King Bharata had nine sons, but when the time to hand over the empire came, he gave it to Bhumanyu, who was the son of the sage Bharadwaj. 

This boy grew up in the forest. When he came to the court one day, the king looked at him and said, “This boy must become the king – not my sons.” 

People were shocked because the emperor’s sons, nine of them, were waiting in a queue – probably fighting with each other over who would become the king. 

People argued, “Who is he? He has grown up in the forest.” Bharata said, “I see an enormous intelligence in his eyes and a raging fire in his heart. 

He is able-bodied and stable. He should be the king.” This was the first demonstration of democracy in this nation, thousands of years ago. I hope we follow this example today.

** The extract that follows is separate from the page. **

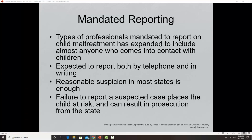Mandated reporting means that anybody who comes into contact with children through their profession is required to report any concerns about child abuse to child protective services based on reasonable suspicion. This includes doctors, pediatricians, dentists, any health care worker, teachers, child care workers at daycare centers — anyone who in their profession comes into contact with children. If you don't report, you not only put a child at risk, but you can be prosecuted by the state.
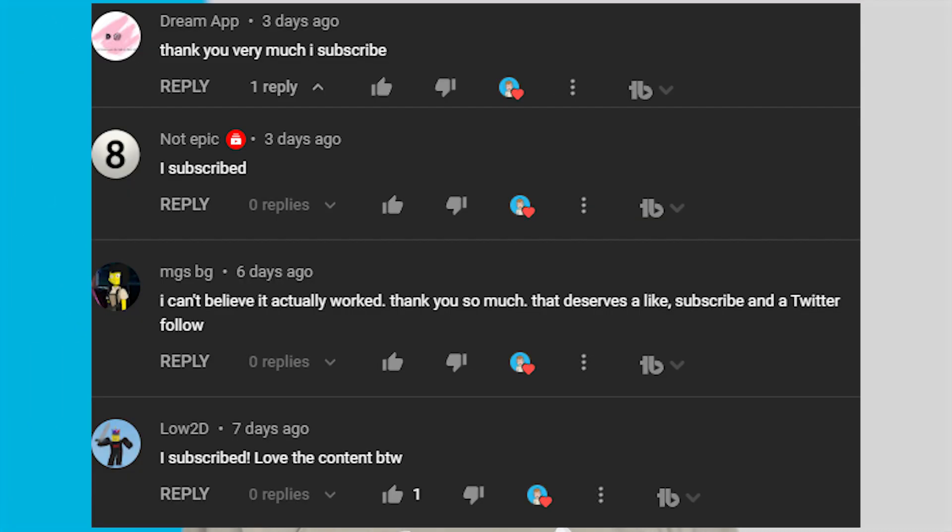Thank you all for watching, here are all the shoutouts for today's video. If you want to be featured in one of my videos just comment down below 'I subscribed' and I'll give you a shoutout in my next video.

Kiran Bedi: I have a question. If we had continued to call India “Bharata,” would a woman have felt more secure than in India today? You know what is happening with women, particularly in the rural and weaker sections of society.


Sadhguru: It is not that the name will do everything, but the name has to inspire passion for the nation. Right now, they only have hormonal passions – there is no passion for the nation. That is why these things are happening to women.


A nation is important because you expand the scope of your passion, involvement, and concern beyond your own likes and dislikes. “Why can’t we think about the whole world?” As a spiritual being, I am not a nationalistic person. I would like to look at every human being and every creature on the planet in the same way – that is how I am. But A nation is the largest piece of humanity that you are able to be committed to right now. When you are committed to this nation and its wellbeing, if not to 7.2 billion people, at least you are committed to 1.2 billion people, which is a great step forward from being committed to your own personal wellbeing.


What makes Bharat a nation


Kiran Bedi: I think in the last ten days (refers to the recent change of government with Narendra Modi as the Prime Minister of India), Hindi has returned much more. We might hear “bharatvasi” (one who lives in Bharat) and “bharatiya” (of or relating to Bharat) much more.


Sadhguru: You are leaving us out – we are from the South.


Kiran Bedi: You learn a little bit of Hindi then.

 No, we won’t.

Why?

Because it is not the sameness that holds us together. We are different people, but we are fine together. That is the nature of this country. That is what has to be encouraged. Don’t try to teach everyone Hindi. Don’t try to teach everyone Tamil. I speak Tamil – you speak Hindi. You eat paratha – I eat idli. I think this is the best thing – you think that is the best thing. Still we have no issues. In the same family, five people can worship five different gods in the same room – no problem.

What is needed to build a successful nation?

A nation will be successful only when people’s aspirations are kept alive. They must see that their life is a possibility. If people lose their aspiration, it is a finished nation. It is important to nurture an aspiration and create the possibility within one’s lifespan. We also need to make people’s aspirations into the nation’s aspirations, and the nation’s aspirations into people’s aspirations.


For example, we have been trading with the rest of the world for over ten thousand years. In Syria and many parts of Arabia, there are stories of Indian traders. Aleppo City, which was one of the most beautiful cities, was at one time built on taxes paid by Indian traders. In Lebanon, there is a temple in Baalbek which is over 4,000 years old. Children in Lebanon schools study that Indian labor, elephants, sculptors and yogis constructed this. It is a massive temple. Some of the foundation stones weigh three hundred tons. Sculptures of lotus flowers are hanging from the ceiling. Obviously, there are no lotuses in Lebanon; it was sculptured by Indians. Every Lebanese child knows this. Has any Indian child heard about it?


Over a thousand years ago, Tamil kings went to Cambodia and built Angkor Wat and Angkor Thom. 

If you see the work that has been done there, you will feel proud of being human. 

The Angkor Wat is the largest religious building on the planet. 

Does any Tamil child in Tamil Nadu up to twelfth standard read a line about it in his textbook?

When you don’t feel pride, how do you build a nation? If you are not proud of who you are, why the hell should you stay here?